A prank is typically a playful act designed to provoke laughter or astonishment, though the line between harmless fun and cruelty can sometimes blur depending on the nature of the prank and how it affects the person targeted.
Image: DFA / Created with Meta AI
“HI JOE … Can you come down for a sec? I want to ask you something. It’s pretty important,” the young man called to his friend who had just climbed three stories up a scaffold.
“What is it?” Joe shouted back, clearly reluctant to make the long trip down.
“I can’t shout it out from down here. It’s kind of personal.”
With a sigh, Joe carefully climbed down the criss-cross of metal pipes.
Finally standing next to his friend, he asked, “So, what’s so important?”
His buddy grinned and said, “What on earth are you doing up there?” Then, without waiting for a reply, he hopped on his bicycle and rode away.
I have it on good authority that this harmless – if frustrating – prank happened right here in Kimberley decades ago. I can’t say who the cycling villain was, because my family may disown me.
Pranks and capers have been around almost forever. I suppose it’s just part of human nature.
Even ancient Rome wasn’t immune. Marcus Aurelius Antoninus – better known as Elagabalus – ruled from 218 to 222 AD and was famous not only for incompetence but for his mischievous spirit.

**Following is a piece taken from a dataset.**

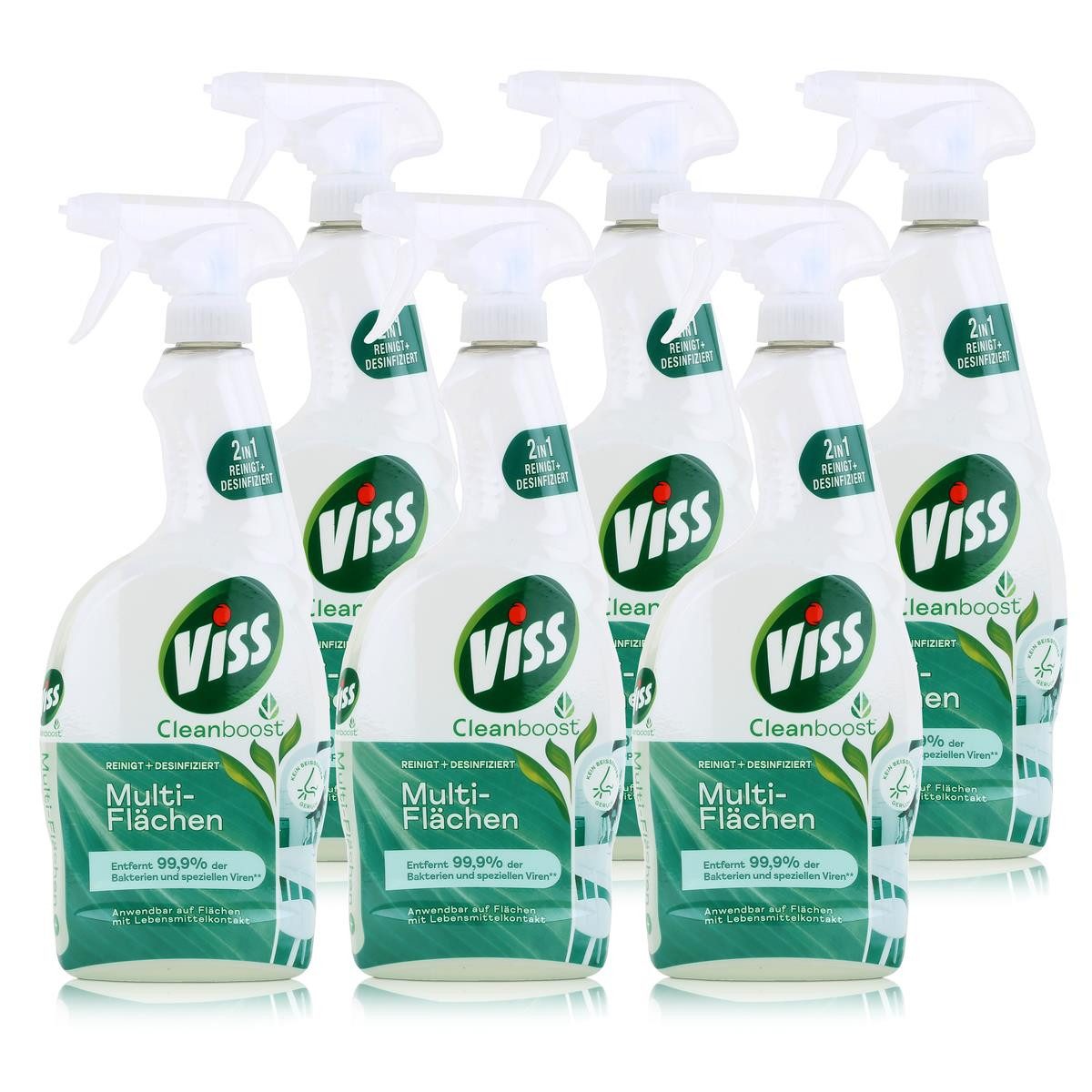 Viss Cleanboost Multi-Flächen 750ml - Allzweckreiniger (6er Pack) Allzweckreiniger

According to archaeologist Warwick Ball, Elagabalus delighted in seating pompous dinner guests on early versions of whoopee cushions. He also thought it hilarious to release snakes into crowds, or to lock drunken guests into rooms with tamed lions, bears, or leopards.
The spirit of Elagabalus seems alive and well today – if you look at social media. Scare pranks are everywhere: statues coming alive to terrify passers-by; a supposed beekeeper dropping a fake hive in an elevator, jabbing terrified strangers with a needle to simulate bee stings.
One particularly cruel prank made a huge impression on me. A husband, knowing his wife’s deep fear of spiders, rigged a giant, hairy spider – the size of a trash can lid – to leap at her unexpectedly.
She went into convulsions and fell backwards, possibly hitting her head out of frame. Yet the man laughed, even as she writhed on the floor, as if having a seizure, and posted the video online for all to see.
Honestly, watching it disgusted me.
Don’t get me wrong – I was once a teenage master of scare pranks. Now, looking back, I’m ashamed of my immature heartlessness.
This week, though, I saw a very different, heartwarming kind of “prank”.
A young boy, clearly from a poor background, had apparently never had a birthday party. His teacher and classmates decorated a corner of their classroom, and when he walked in, they erupted in a celebratory chorus.
The boy stood frozen, stunned. Then his eyes welled up. He covered his face, weeping with sheer joy, while his friends rushed to embrace him.
Watching that clip made me wonder: What kind of world could we create if the definition of “prank” shifted from cruel surprises to unexpected acts of kindness?
Now that would be something truly special.